Martes 20 de febrero de de 1962

 

Venerables hermanos y queridos hijos:

En las diversas circunstancias de la existencia humana el principio y el fin de todo acontecimiento que tiene relación con la vida de cada uno y de la sociedad, merece siempre una especial atención, y la Iglesia suele rodearlo con sus auspicios maternales y con su oración. Por este motivo nos plugo clausurar las tres precedentes sesiones de la Comisión Central con palabras animadoras y fervientes. Como otras veces lo hemos hecho, nos gusta, en cambio, hacer la apertura de esta cuarta sesión.

No queriendo, sin embargo, a poca distancia de nuestra última reunión del 23 de enero pasado, manifestar ampliamente nuestros sentimientos otra vez más —que por otra parte nos sería agradable— nos contentamos sencillamente con recordar el aspecto fundamental de la vida humana, de la vida de la Iglesia; su carácter de peregrinación, en que se encuentran en muchos, y de la que unos parten antes de tiempo y otros llegan a tiempo.

Después de vuestra última reunión, tres miembros del Sacro Colegio de esta Comisión Central nos han abandonarlo: los cardenales Gaetano Cicognani, Clemente de Gouveia y Luis José Muench. La muerte de éstos hijos dignos de la Iglesia, cuya vida ha sido tan rica en merecimientos y cuya actividad al servicio de la Santa Sede fue tan preciosa, al entristecernos a todos nosotros, nos recuerda también la eventualidad a que está sujeta siempre nuestra existencia, que es una peregrinación de la tierra al cielo. Nos ahora pensamos que estos queridos hijos nuestros habrán recibido en el cielo la recompensa de sus fatigas y trabajos, y desde allí, donde nos han precedido, no dejarán ciertamente de unir sus súplicas a las nuestras a Dios Padre Omnipotente, para que por su gracia haga fecundo el trabajo que vais a comenzar. De esta manera, por esta unión de nuestros corazones con las almas de estas queridos difuntos, nos parece ver unidos amigablemente a tierra y cielo para la feliz apertura de esta cuarta sesión.

Pero si la partida de vuestros estros tres colegas ha marcado la reunión de hoy con una nota de tristeza, ésta se atenúa de alguna manera con la presencia en medio de nosotros del cardenal Esteban Wyszynsky. Nos resulta tanto más agradable, cuanto que ha querido enriquecerla con un gesto que revela la delicadeza y nobleza de su corazón.

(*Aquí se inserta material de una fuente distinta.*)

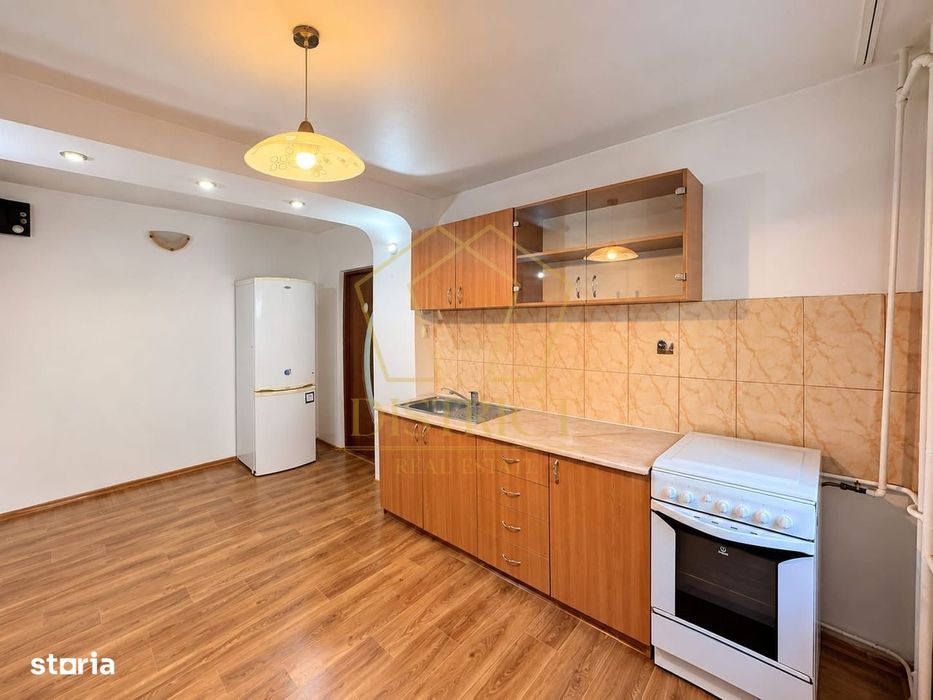 Apartament spatios cu 2 camere | Soarelui | Parc Sudului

Pues al venir en medio de nosotros, ha querido traernos la sonrisa de la querida Virgen de Czestochowa. ¡Oh, querida Virgen negra! Nos es familiar desde nuestra juventud y tenemos siempre con gusto junto nosotros su venerada imagen.

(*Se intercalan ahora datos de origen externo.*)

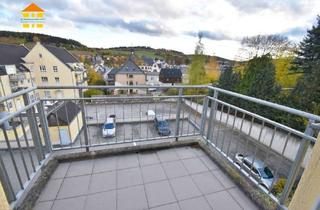 Wohnung mieten in Stadtbadstraße 1D, 09380 Thalheim, 2-Raum-Wohnung mit Südbalkon & TG-Stpl.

Este gesto delicado del mismísimo presidente del Episcopado Polaco nos recuerda otro gesto que conmovió nuestro corazón: cuando el 4 de noviembre pasado se conmemoró en la Basílica Vaticana el ochenta cumpleaños del Vicario de  Cristo, en el mismo día y a la misma hora, en el templo de Jasna Gora, los obispos de Polonia se consagraban a María Santísima y le pedían que intercediera ante su Hijo por la digna celebración del milenario de la fe católica en aquella noble nación. Resuena aún en nuestro corazón el eco de las palabras de aquella consagración: palabras dignas de labios episcopales, y del clima del Concilio que todos a la vez, en toda la tierra, venimos preparando.

La sonrisa de la Virgen Santísima os acompañe, pues, venerables hermanos y queridos hijos, durante el curso de las laboriosas sesiones que os esperan. A Ella volvemos la mirada con serena confianza. De Ella esperamos todos los auxilios y ánimos que precisamos, puesto que es por la gloria de Dios por lo que nos encontramos aquí unidos y por la llegada de su reino a toda la tierra, y porque queremos —permitidnos la cita del primer instante de nuestro servicio Pontificio— parare Domino plebem perfectam.

Sea prenda del celeste patrocinio de María la amplia bendición apostólica que efusivamente impartimos sobre vuestra persona y sobre vuestros trabajos.

 


* AAS 54 (1962) p. 164; Discorsi, Messaggi, Colloqui del Santo Padre Giovanni XXIII, vol. IV, pp.154-160.